With dawn approaching, it’s time to enact the plan. The Picts and Romans join forces to make noise and attract the creature. At first, it doesn’t seem to work, but then a crow Nardole is talking to alerts them to the fact that it did. With the help of their special glass things and the fastest sunrise ever, they draw the creature into the cairn and the open portal. Task completed, the Doctor prepares to step into the portal.
But Kar disagrees. The teenage Pict is ready to fight him on this. This is her destiny as the Guardian of the Gate. The Doctor points out that their human time spans are nothing compared to his Time Lord one. Bill and Nardole disagree. Who will guard the other gates? Who will guard the Vault? The Doctor stands firm in his resolution — until Bill bonks him on the head. While he’s momentarily incapacitated, Kar, Lucius, and the rest of the legion walk into the portal together. Her brother promises he’ll carve her names on the rocks so people will remember her sacrifice. (This entire scene, from the Doctor’s attempted sacrifice to Kar’s own moment of truth and Lucius’ decision to stand up and lead had me in tears. When Doctor Who does brave sacrifices, it really does brave sacrifices. Also, anyone else get a Buffy season 5 finale vibe?)
With the cairn now unstable, everyone left exits, the portal now closed forever. Kar’s brother tells a crow to always remember his sister. The crow replies, “Kar Kar,” proving they’re not sulking about humans not providing them with fascinating conversation (a reason the Doctor had put forth earlier). Instead, they’re remembering the sacrifice of one valiant teenage girl (and a small group of Roman soldiers).
As they prepare to leave, Nardole warns the Doctor against holding a grudge against either companion. He knows 10 percent of the Doctor’s secrets and where the teacakes are — and he’s not afraid to use either. Bill and the Doctor then apologize to each other. He admits he was wrong. The soldiers never went missing. They were here all along. Bill then hears some of those bagpipes that were playing earlier to lure the Beast. But the Doctor simply says, “Always the music.”

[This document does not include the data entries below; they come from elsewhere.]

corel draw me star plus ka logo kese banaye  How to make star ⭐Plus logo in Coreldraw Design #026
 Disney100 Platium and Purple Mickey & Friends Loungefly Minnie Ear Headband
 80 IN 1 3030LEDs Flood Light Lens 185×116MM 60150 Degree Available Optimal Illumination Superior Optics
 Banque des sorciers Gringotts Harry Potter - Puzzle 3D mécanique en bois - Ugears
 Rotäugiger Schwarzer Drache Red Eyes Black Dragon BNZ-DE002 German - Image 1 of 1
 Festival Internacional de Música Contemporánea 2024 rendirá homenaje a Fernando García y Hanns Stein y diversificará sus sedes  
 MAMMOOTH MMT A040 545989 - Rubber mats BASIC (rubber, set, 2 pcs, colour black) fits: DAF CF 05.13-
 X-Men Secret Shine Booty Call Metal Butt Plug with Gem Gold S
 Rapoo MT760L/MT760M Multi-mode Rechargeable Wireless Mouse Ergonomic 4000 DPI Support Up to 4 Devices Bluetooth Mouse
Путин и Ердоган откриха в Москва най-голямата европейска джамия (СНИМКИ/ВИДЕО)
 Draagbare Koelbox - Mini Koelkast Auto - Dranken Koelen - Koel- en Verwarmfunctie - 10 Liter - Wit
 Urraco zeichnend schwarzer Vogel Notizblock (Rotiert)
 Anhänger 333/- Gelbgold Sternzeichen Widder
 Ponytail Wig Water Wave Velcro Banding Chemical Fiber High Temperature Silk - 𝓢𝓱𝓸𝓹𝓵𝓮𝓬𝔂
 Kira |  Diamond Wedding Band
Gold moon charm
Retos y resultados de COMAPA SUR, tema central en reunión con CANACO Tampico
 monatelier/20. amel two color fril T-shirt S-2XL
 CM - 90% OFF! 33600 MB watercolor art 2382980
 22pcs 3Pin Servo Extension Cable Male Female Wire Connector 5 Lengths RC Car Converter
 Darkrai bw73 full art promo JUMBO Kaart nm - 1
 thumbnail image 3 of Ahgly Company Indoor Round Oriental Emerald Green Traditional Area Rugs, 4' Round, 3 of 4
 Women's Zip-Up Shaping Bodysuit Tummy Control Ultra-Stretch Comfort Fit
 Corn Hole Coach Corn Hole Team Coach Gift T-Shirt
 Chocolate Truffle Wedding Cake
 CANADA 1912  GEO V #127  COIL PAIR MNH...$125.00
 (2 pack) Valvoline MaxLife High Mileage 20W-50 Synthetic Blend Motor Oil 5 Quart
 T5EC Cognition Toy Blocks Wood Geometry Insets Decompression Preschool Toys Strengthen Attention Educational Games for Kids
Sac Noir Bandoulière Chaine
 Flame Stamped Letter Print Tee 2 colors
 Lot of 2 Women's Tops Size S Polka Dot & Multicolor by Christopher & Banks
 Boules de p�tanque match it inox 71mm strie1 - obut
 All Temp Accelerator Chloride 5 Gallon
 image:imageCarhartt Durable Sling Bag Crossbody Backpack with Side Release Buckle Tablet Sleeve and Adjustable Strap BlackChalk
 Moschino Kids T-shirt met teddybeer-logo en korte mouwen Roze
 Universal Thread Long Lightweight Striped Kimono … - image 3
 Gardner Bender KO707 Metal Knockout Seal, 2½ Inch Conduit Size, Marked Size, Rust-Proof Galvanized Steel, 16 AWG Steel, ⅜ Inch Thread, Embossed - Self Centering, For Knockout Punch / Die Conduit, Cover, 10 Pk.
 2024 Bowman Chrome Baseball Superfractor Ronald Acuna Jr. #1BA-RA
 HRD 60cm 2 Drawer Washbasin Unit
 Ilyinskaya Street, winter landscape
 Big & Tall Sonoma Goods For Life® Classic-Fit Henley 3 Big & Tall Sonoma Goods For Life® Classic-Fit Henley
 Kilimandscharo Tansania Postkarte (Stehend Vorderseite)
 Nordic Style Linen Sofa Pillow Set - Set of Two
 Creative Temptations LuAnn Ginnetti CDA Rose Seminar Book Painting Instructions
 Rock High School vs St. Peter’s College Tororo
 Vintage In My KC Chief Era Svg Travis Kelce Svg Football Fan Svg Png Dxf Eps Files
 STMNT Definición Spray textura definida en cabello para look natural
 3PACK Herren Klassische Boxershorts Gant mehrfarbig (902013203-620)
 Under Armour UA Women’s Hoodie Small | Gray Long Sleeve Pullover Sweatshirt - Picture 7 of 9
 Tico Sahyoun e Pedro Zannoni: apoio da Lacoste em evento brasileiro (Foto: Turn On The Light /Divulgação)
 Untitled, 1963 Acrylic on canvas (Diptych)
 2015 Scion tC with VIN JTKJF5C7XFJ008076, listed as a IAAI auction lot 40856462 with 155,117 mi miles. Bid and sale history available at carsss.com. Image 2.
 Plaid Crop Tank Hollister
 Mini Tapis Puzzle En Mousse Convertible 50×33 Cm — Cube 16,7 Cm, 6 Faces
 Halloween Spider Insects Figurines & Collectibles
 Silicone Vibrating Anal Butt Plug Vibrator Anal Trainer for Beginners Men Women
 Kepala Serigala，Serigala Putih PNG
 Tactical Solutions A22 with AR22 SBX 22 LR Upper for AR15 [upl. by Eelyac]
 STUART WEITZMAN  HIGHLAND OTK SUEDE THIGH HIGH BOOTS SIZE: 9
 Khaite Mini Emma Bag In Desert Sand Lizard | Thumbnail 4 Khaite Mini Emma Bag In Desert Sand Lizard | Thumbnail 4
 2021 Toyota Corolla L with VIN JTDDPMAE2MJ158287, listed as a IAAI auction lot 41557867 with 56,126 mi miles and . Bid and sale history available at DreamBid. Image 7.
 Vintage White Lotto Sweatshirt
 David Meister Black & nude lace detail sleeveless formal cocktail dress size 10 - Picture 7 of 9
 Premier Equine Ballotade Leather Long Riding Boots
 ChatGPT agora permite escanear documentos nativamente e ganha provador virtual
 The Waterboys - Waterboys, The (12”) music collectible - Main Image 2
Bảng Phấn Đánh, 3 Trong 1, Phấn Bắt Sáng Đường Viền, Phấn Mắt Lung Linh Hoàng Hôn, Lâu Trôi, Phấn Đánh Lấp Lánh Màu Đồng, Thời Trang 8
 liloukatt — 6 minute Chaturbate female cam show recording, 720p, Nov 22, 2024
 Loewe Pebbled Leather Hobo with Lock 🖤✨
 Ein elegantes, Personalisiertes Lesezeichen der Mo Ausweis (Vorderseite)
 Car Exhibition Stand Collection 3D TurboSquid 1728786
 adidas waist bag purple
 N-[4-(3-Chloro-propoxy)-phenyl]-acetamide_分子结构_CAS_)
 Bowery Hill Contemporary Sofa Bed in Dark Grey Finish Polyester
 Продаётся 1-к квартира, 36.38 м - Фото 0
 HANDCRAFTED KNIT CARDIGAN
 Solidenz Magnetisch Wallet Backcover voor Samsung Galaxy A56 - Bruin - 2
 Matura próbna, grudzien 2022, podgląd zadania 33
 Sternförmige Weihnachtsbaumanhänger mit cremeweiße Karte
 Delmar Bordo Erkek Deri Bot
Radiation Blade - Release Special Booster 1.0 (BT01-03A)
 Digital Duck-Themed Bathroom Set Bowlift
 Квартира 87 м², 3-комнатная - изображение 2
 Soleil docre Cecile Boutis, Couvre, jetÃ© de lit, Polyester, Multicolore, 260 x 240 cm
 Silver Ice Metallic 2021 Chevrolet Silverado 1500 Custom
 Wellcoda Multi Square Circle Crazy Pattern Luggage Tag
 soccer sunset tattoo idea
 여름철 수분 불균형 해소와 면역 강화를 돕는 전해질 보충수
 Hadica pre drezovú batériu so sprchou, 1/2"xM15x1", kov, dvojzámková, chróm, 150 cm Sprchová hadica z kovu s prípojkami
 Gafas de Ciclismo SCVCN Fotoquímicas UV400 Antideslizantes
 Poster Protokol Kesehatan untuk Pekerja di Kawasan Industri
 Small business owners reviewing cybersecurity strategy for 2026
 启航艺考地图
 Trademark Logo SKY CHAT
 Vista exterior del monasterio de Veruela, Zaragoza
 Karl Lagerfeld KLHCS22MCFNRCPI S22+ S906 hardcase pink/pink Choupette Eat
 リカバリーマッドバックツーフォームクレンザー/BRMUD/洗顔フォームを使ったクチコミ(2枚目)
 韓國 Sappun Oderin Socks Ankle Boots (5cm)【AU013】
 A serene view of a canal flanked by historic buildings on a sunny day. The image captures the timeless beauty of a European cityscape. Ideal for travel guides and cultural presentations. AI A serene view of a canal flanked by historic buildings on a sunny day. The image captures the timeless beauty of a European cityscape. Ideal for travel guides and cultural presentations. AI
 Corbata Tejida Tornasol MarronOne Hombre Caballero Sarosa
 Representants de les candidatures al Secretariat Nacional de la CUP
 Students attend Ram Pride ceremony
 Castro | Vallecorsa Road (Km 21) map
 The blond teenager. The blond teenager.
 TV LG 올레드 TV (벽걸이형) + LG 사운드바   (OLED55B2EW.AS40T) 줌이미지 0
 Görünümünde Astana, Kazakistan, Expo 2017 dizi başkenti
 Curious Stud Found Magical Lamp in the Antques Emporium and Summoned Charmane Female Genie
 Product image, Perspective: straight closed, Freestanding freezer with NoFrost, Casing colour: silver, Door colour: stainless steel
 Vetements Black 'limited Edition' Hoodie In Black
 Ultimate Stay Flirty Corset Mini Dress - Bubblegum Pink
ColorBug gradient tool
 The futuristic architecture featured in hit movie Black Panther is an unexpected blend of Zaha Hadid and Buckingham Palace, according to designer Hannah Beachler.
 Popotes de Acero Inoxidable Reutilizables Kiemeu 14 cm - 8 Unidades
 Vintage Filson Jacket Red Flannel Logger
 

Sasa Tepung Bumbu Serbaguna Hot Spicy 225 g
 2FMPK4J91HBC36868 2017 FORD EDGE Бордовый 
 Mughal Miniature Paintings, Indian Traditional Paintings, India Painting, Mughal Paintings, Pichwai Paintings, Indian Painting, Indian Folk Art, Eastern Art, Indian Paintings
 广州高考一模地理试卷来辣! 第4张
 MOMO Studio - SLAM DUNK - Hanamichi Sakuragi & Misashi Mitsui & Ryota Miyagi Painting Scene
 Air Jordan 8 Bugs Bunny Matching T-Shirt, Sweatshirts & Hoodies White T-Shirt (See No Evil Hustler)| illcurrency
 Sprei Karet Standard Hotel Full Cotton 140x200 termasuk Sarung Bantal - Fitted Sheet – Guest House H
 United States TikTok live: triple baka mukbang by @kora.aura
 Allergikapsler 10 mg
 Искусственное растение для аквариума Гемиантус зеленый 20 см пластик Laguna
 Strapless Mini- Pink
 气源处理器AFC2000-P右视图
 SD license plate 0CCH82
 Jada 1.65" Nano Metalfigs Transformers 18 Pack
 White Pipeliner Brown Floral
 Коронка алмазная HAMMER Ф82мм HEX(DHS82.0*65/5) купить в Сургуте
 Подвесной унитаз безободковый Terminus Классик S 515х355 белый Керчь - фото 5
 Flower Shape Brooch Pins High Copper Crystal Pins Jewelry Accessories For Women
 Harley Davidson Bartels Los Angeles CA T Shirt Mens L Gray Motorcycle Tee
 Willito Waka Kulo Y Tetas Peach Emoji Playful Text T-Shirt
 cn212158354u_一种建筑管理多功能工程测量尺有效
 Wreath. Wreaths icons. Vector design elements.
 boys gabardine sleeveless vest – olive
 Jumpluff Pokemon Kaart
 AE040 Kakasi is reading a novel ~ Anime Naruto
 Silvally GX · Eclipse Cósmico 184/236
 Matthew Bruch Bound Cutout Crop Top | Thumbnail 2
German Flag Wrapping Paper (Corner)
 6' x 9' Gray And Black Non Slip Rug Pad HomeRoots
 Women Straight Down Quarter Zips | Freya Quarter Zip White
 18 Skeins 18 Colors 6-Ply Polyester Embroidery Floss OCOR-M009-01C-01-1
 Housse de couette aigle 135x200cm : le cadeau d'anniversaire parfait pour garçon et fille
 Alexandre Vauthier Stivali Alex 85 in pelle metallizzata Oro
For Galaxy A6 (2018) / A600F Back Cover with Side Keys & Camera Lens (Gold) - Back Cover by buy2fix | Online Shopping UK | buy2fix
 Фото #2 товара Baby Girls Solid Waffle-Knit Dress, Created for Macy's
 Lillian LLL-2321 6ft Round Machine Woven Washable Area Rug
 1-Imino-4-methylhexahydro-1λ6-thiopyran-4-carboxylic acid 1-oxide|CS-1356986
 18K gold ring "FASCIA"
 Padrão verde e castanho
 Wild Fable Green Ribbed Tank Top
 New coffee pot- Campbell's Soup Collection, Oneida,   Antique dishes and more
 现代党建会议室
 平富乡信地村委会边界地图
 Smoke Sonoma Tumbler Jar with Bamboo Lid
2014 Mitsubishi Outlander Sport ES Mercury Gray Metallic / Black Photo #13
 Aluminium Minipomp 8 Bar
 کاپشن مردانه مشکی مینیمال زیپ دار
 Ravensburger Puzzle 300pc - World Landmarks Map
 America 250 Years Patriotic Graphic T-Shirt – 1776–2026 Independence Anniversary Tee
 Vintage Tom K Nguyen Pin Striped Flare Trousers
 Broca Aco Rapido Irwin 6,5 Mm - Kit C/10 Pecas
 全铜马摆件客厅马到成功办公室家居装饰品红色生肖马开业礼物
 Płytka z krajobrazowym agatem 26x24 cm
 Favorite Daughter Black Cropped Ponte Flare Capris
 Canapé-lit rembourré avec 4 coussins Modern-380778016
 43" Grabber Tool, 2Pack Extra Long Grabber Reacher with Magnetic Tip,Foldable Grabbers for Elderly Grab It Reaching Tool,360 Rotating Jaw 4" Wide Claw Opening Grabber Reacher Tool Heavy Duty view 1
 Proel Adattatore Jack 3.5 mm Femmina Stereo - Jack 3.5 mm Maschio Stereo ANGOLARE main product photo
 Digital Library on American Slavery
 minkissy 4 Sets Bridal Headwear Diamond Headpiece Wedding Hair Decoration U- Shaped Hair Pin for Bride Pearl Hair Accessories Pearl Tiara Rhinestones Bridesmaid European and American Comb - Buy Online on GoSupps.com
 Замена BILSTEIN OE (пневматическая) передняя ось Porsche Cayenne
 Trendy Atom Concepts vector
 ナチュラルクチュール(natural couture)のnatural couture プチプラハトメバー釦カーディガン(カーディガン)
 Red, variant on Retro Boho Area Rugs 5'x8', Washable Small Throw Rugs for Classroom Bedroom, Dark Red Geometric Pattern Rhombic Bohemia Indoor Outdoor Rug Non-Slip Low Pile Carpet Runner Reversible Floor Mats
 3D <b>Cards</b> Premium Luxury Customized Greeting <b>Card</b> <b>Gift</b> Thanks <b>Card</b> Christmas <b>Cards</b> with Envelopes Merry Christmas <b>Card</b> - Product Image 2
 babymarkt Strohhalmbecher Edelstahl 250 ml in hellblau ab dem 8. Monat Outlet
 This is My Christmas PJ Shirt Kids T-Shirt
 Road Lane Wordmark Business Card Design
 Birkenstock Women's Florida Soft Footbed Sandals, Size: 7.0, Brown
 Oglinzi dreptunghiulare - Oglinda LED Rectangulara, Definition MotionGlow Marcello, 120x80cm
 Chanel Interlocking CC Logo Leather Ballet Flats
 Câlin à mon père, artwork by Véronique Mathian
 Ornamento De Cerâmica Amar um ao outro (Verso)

Back in the TARDIS we’re greeted by Missy — in case you were wondering what happened post-Mars — who has been doing engine repairs. She’s bio-locked out of the controls. She also doesn’t get the significance of the music or what happened. The Doctor, much like last time, tells her that while she doesn’t quite grasp it. Later, she finds herself crying to that music, but not understanding why. (If you’re confused by that little episode jump, so am I.) The Doctor, who I guess is still trying to rehabilitate her, accuses her of trying to impress him and tells her that maybe it’s time for them to be friends again…
But that’s the trouble with hope. It’s impossible to resist. I can’t tell who’s hopes were more dashed, his that he can’t trust her, or hers that she can’t make him trust her. In any case, I’m all about this newfound friendship. Especially after seeing her face when he lets go of her hands. That’s 90 percent Michelle Gomez acting, and 10 percent the reaction one has when Peter Capaldi lets go of your hands and walks away, I reckon.
After last week’s Victorian romp, this week’s Roman Not-So-Holiday only highlights how out-of-place that episode was. Finally, Bill, Nardole, and even the Doctor feel in character again as they continued to drive both the story and the comedic bits. It’s what made the emotional moments in this episode really hit home, as the hour dabbled in a few major themes, including fear, sacrifice, and the effect of war itself — it’s similar to last week in a way, but handled slightly better and with better use of our main trio.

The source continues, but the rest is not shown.